▶ **WORK REQUEST**
Retype, word for word, the line holding "No Peeing Dog" and every line below it to the end of the listing. Leave out the pictures.

+++ RECORDS FOR PROCESSING

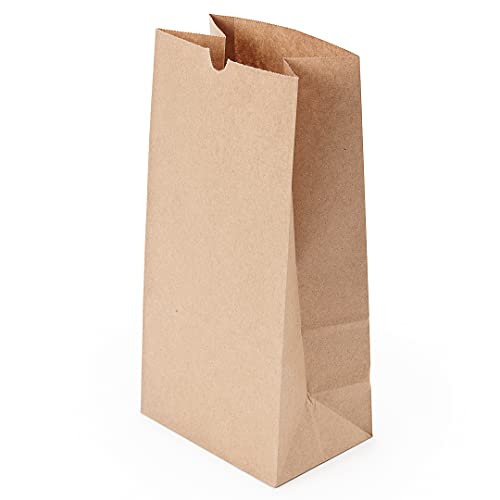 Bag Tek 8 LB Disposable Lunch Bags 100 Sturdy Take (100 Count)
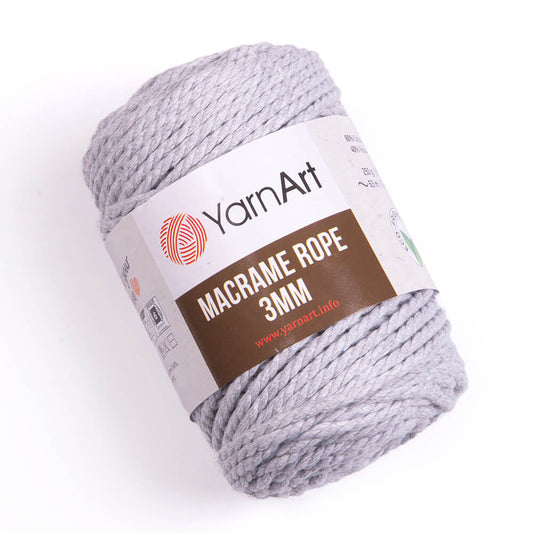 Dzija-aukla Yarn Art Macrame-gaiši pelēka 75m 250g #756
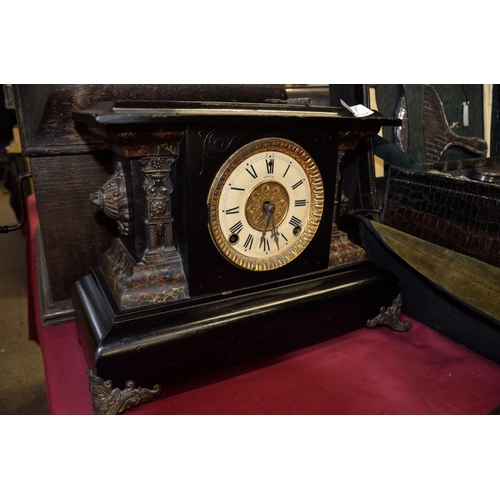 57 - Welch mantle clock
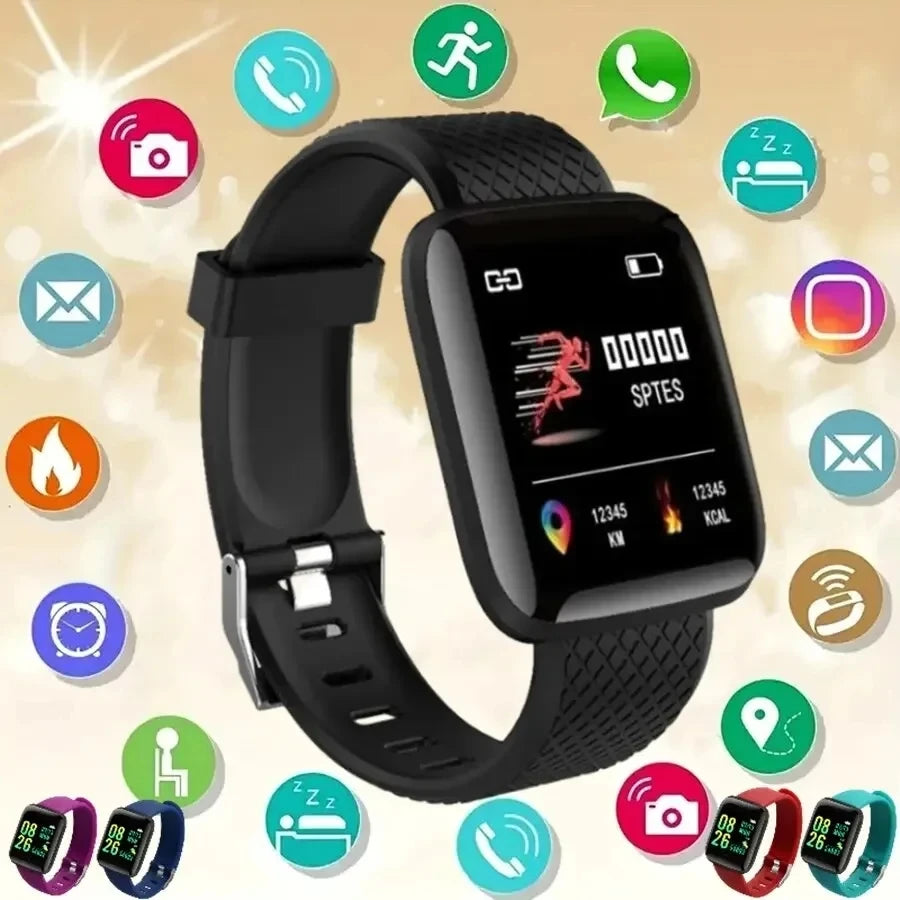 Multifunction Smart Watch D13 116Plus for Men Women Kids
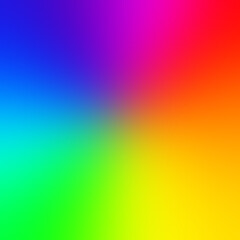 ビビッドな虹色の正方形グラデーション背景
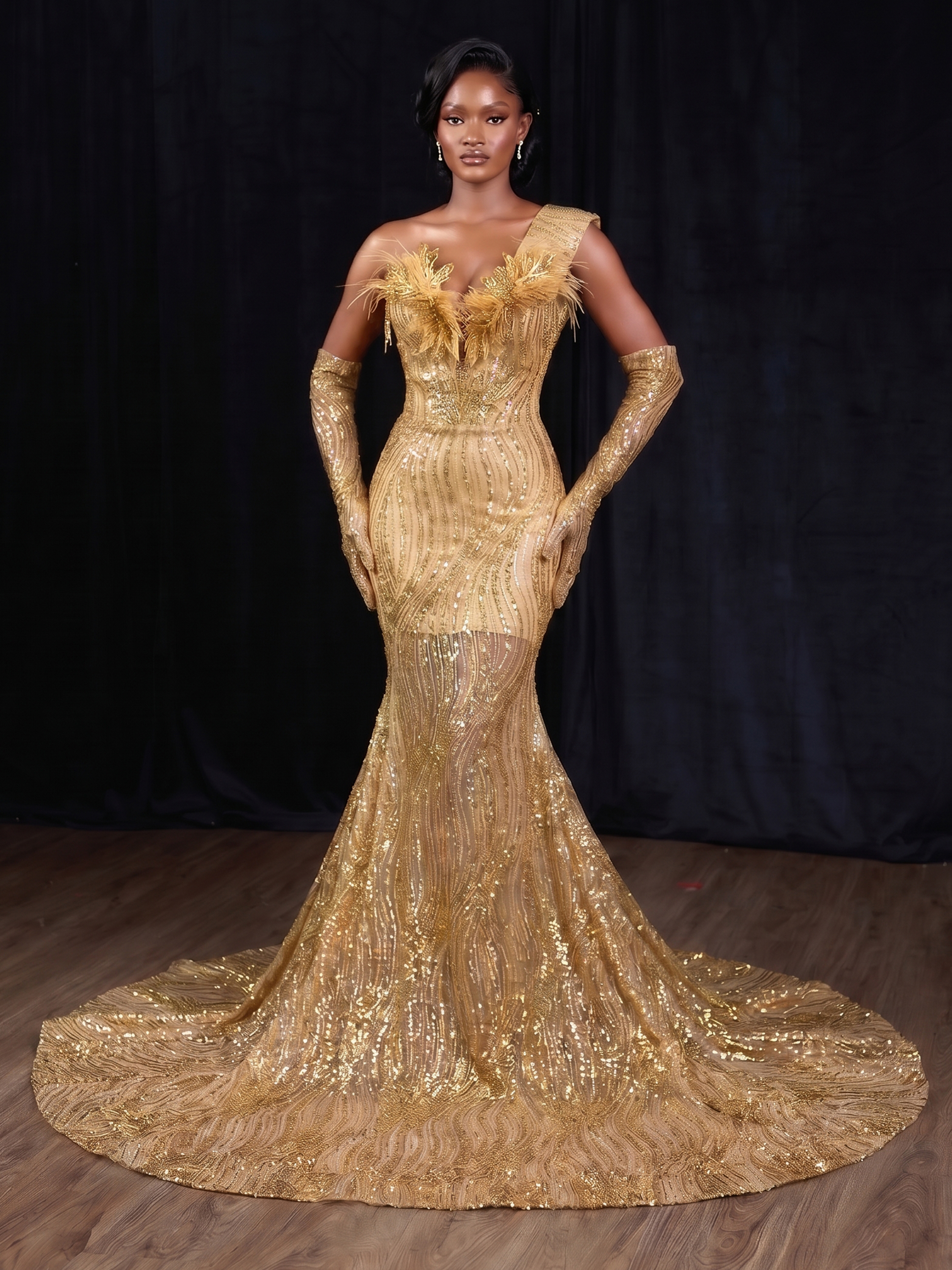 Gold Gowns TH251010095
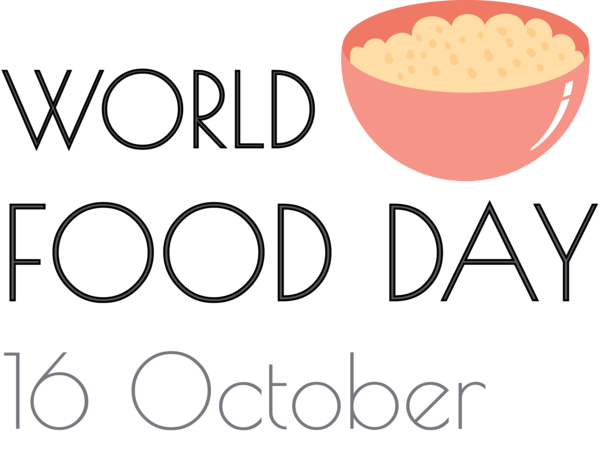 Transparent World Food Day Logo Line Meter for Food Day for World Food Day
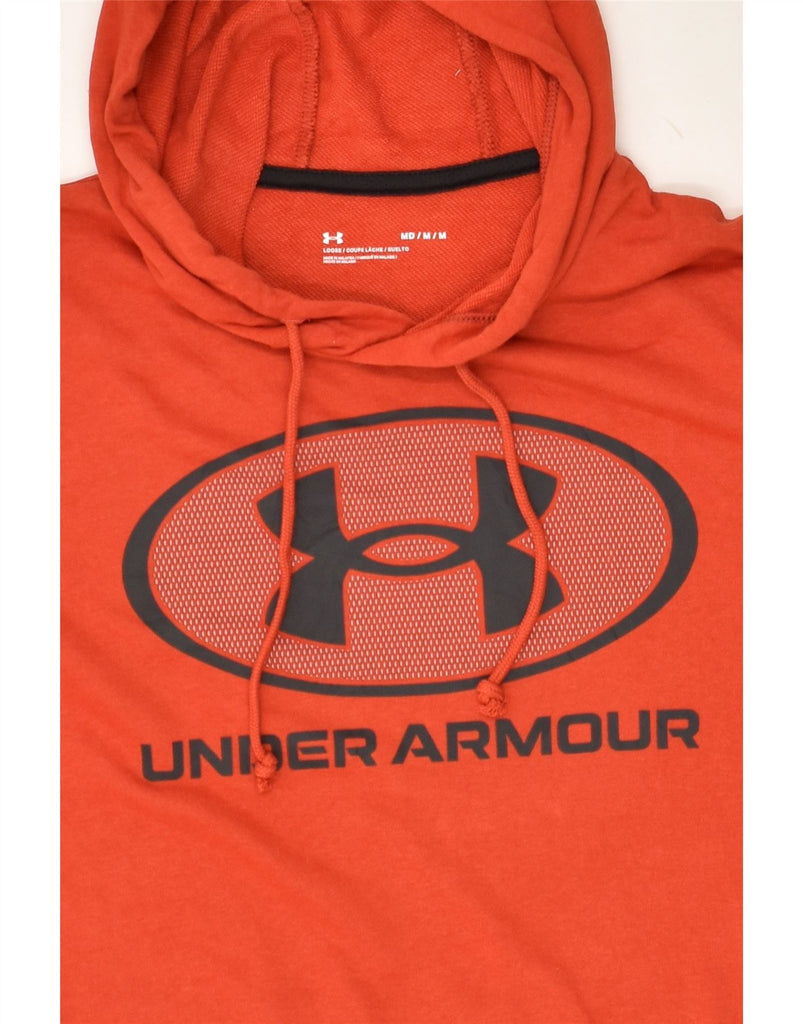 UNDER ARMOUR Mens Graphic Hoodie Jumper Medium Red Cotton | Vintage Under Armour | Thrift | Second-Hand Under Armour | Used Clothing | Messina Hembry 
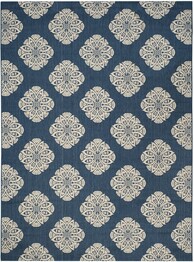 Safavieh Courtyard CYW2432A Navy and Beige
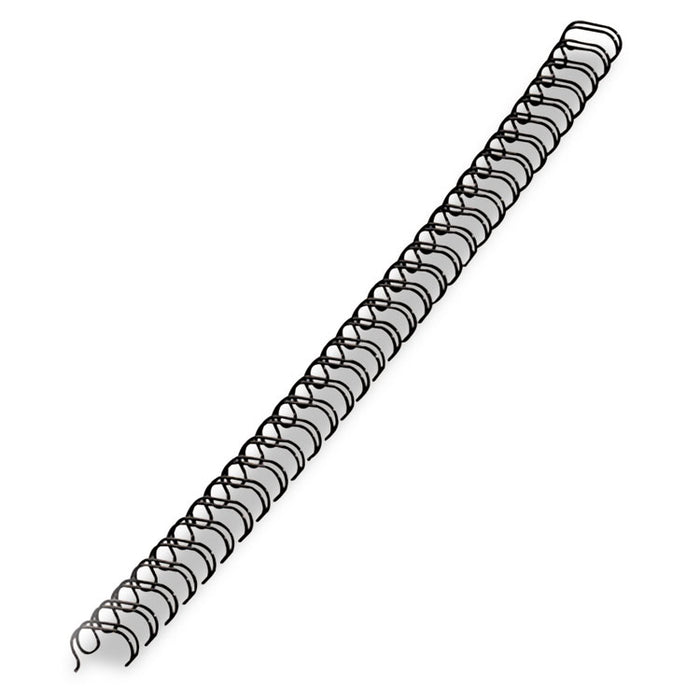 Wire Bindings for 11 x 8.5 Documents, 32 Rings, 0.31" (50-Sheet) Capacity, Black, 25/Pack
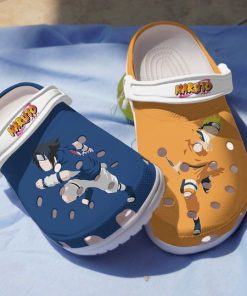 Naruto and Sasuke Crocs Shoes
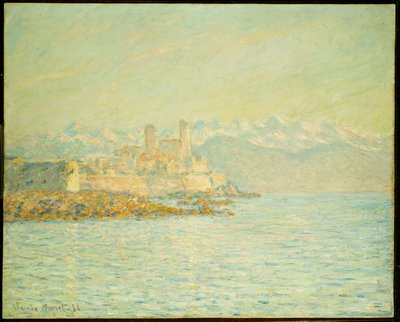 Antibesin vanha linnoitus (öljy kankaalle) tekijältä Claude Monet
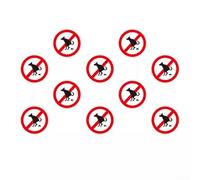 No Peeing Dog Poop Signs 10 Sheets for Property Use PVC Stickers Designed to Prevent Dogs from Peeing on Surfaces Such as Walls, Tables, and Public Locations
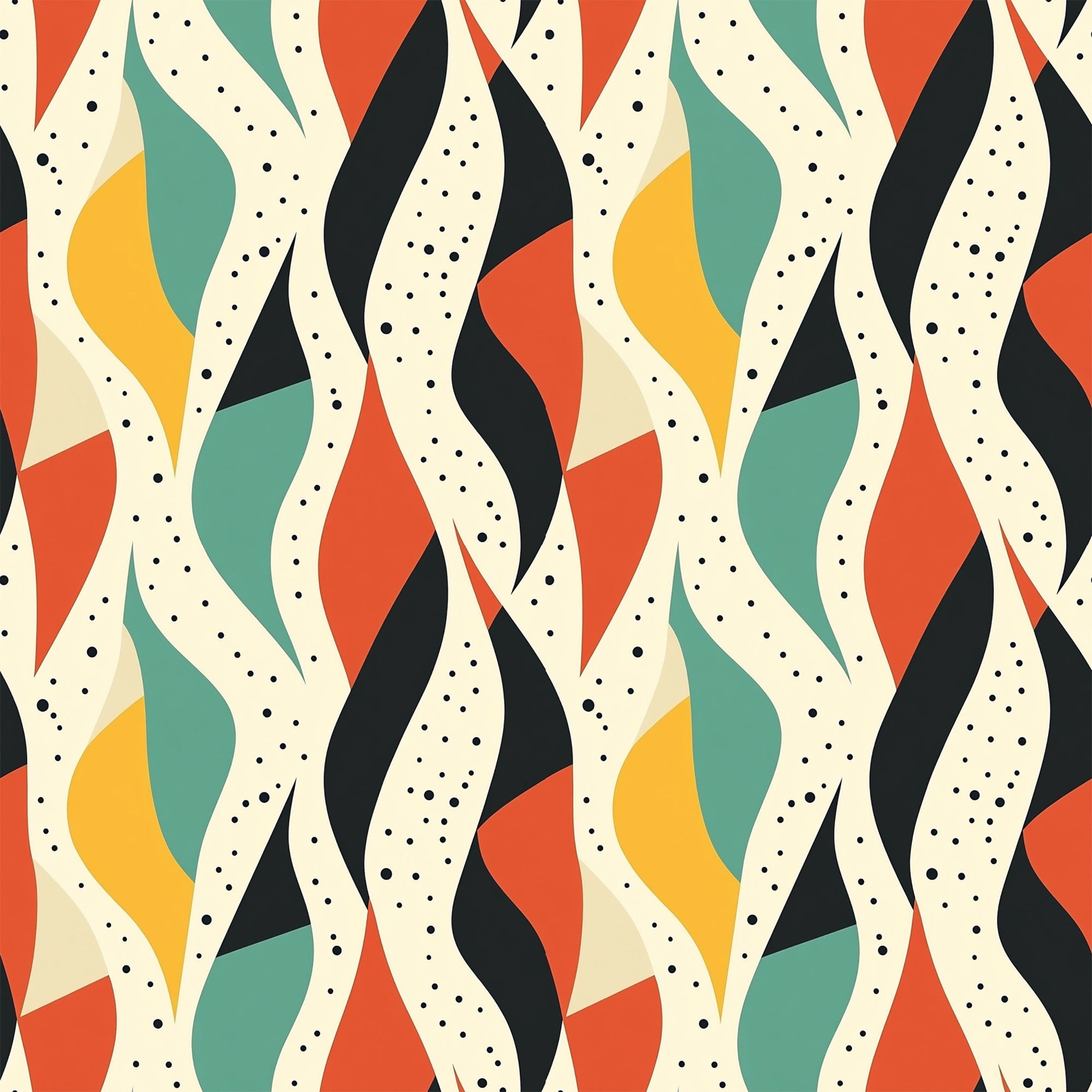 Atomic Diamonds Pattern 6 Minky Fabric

++++++

▶ **WRITTEN SOLUTION**
 No Peeing Dog Poop Signs 10 Sheets for Property Use PVC Stickers Designed to Prevent Dogs from Peeing on Surfaces Such as Walls, Tables, and Public Locations
 Atomic Diamonds Pattern 6 Minky Fabric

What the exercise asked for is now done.